**Work task:** Repeat only the stretch of lines below that runs from the line with "Stylish white wooden" through the line with "Large Baby Teepee", unaltered.

**Input data:**
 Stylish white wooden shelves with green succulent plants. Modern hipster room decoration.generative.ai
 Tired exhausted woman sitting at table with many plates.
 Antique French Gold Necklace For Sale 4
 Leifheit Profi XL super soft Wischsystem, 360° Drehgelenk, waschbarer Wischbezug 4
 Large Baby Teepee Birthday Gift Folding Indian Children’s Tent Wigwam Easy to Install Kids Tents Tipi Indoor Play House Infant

* * *

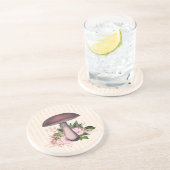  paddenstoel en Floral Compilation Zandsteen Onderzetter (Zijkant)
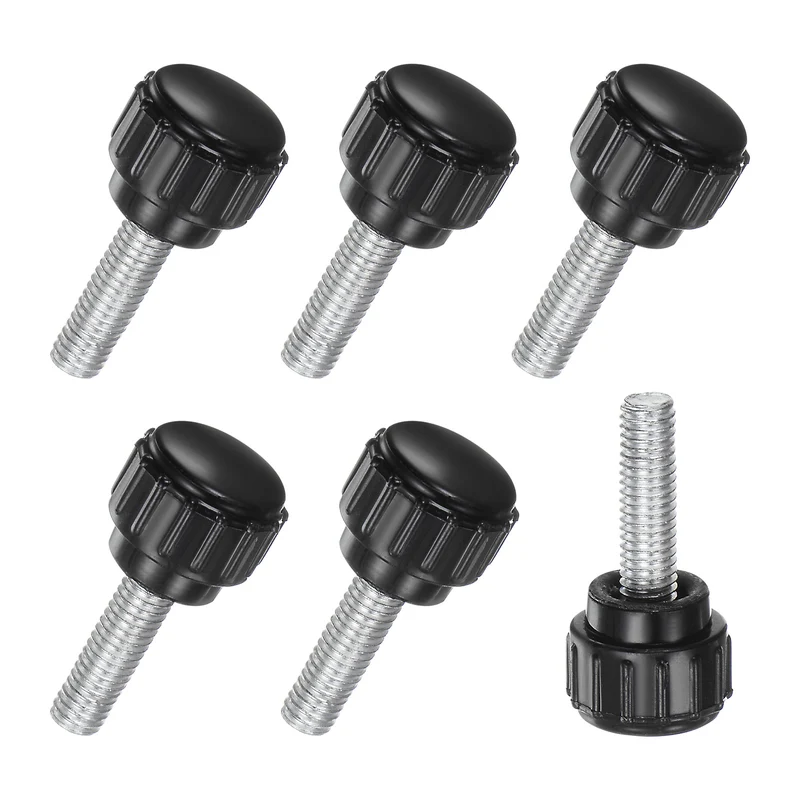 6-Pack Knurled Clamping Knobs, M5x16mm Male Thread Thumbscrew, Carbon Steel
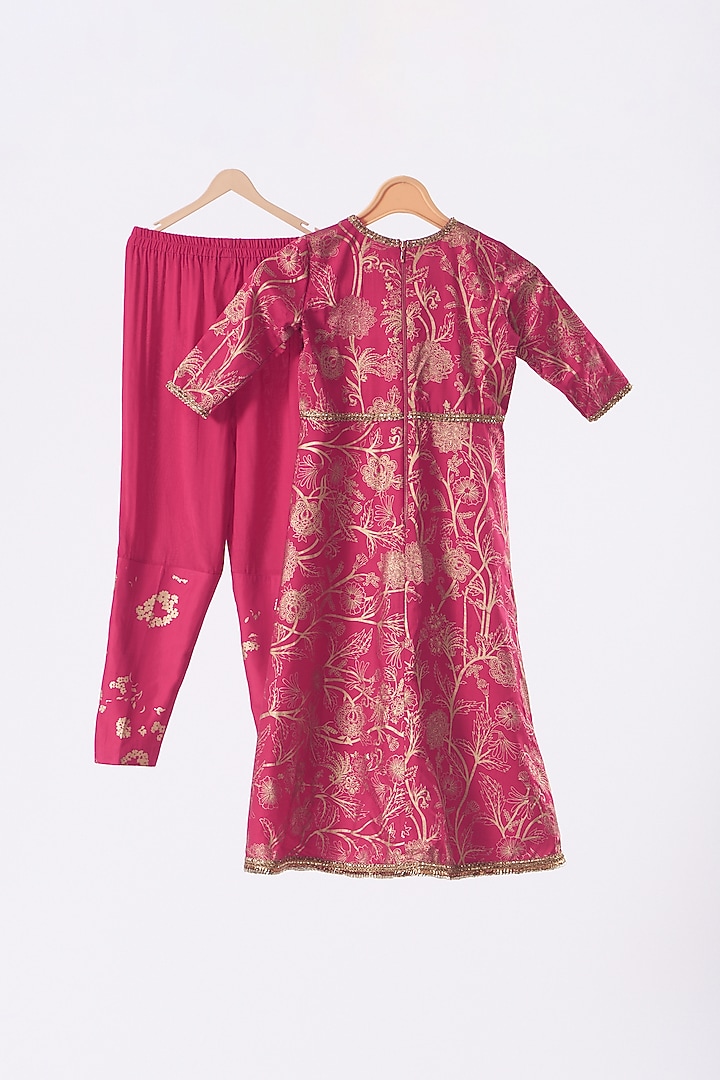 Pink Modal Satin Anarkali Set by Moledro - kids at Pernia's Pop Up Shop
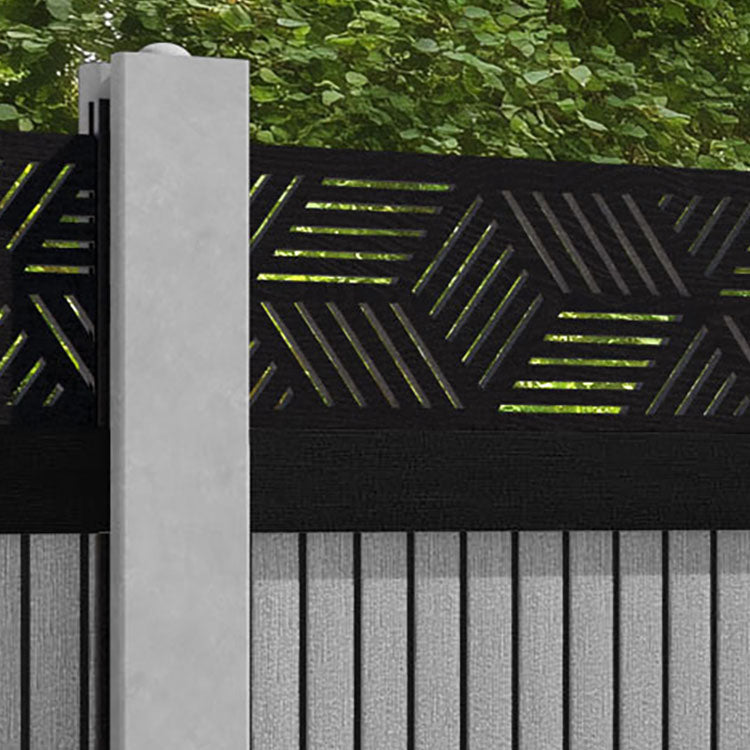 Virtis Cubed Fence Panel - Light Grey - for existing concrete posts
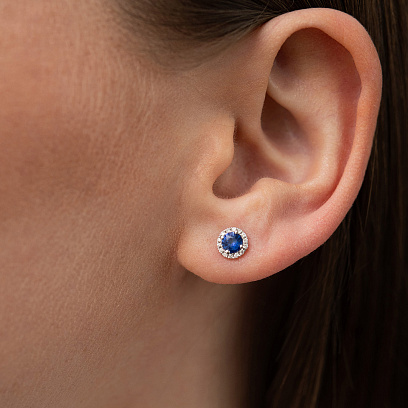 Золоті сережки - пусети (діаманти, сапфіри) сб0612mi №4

==

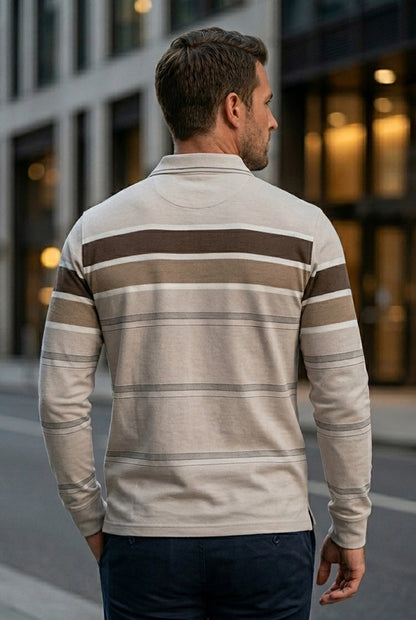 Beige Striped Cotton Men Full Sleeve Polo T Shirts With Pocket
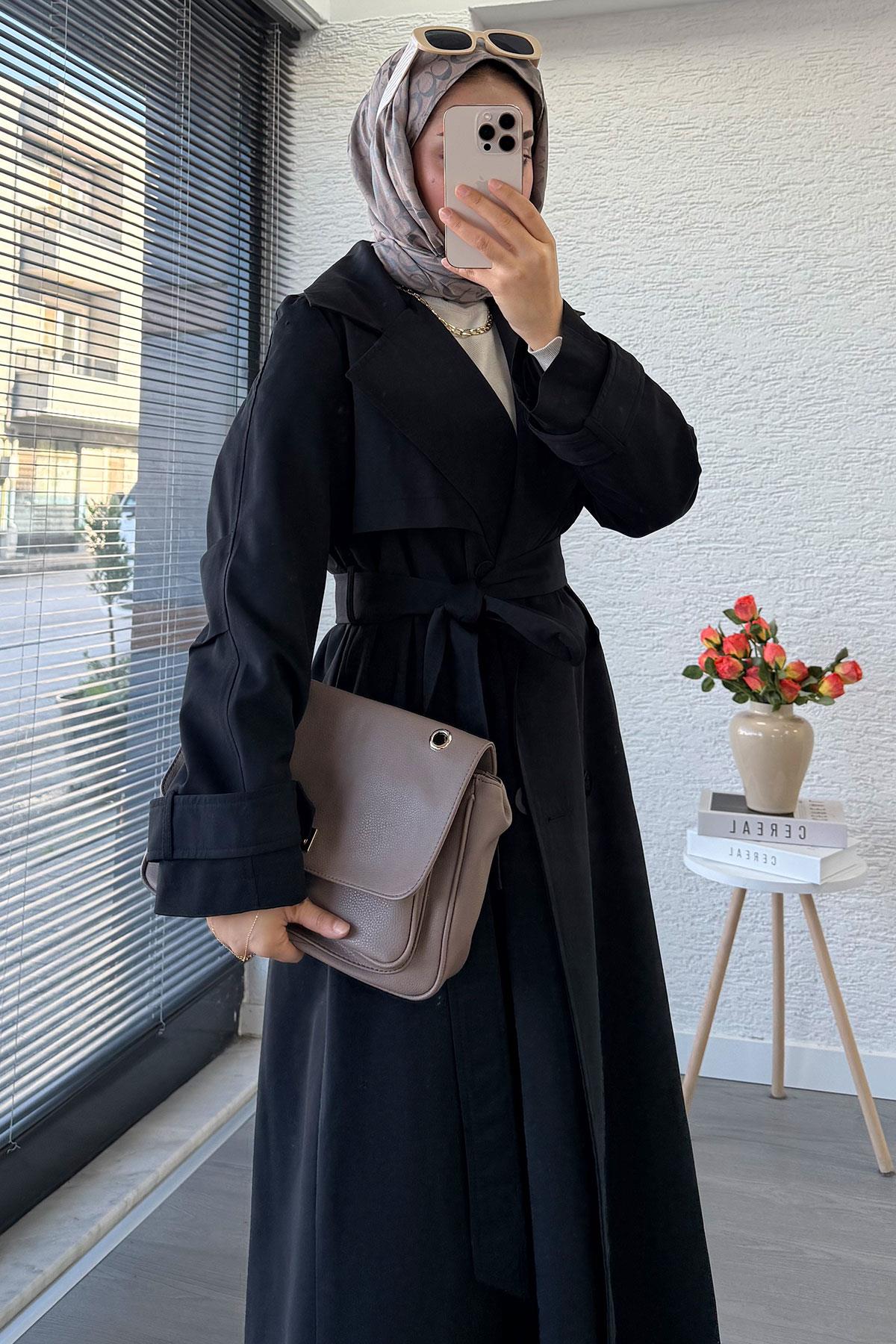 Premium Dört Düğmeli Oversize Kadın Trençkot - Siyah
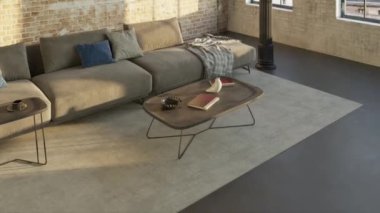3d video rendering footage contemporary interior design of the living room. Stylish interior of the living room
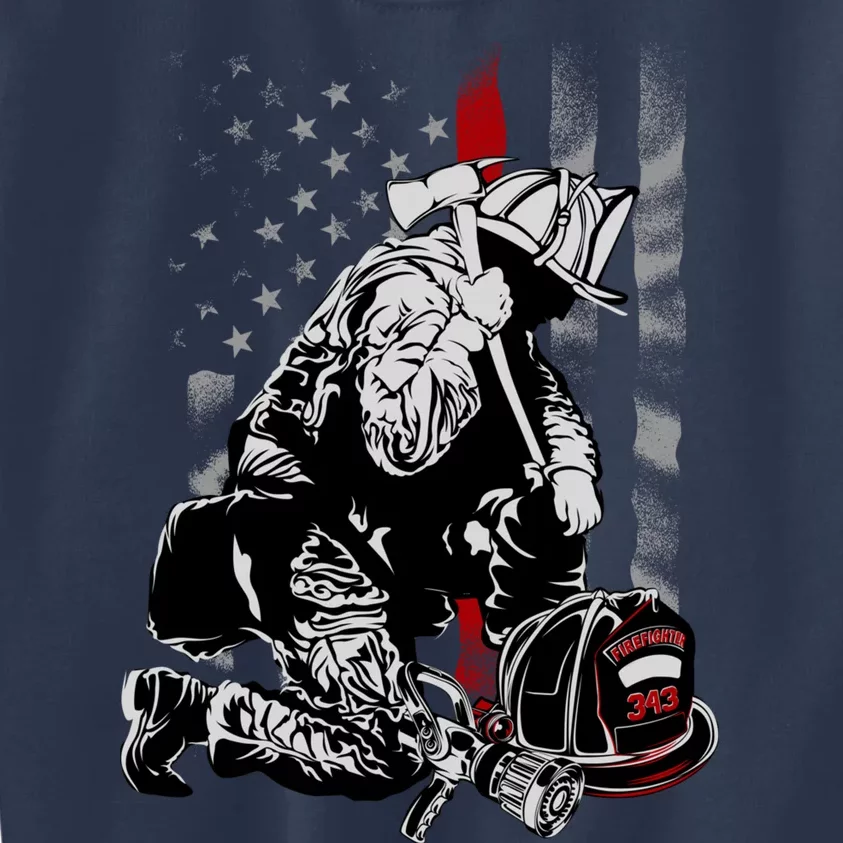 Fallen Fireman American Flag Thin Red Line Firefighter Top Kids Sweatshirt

**Completed exercise:**
 Stylish white wooden shelves with green succulent plants. Modern hipster room decoration.generative.ai
 Tired exhausted woman sitting at table with many plates.
 Antique French Gold Necklace For Sale 4
 Leifheit Profi XL super soft Wischsystem, 360° Drehgelenk, waschbarer Wischbezug 4
 Large Baby Teepee Birthday Gift Folding Indian Children’s Tent Wigwam Easy to Install Kids Tents Tipi Indoor Play House Infant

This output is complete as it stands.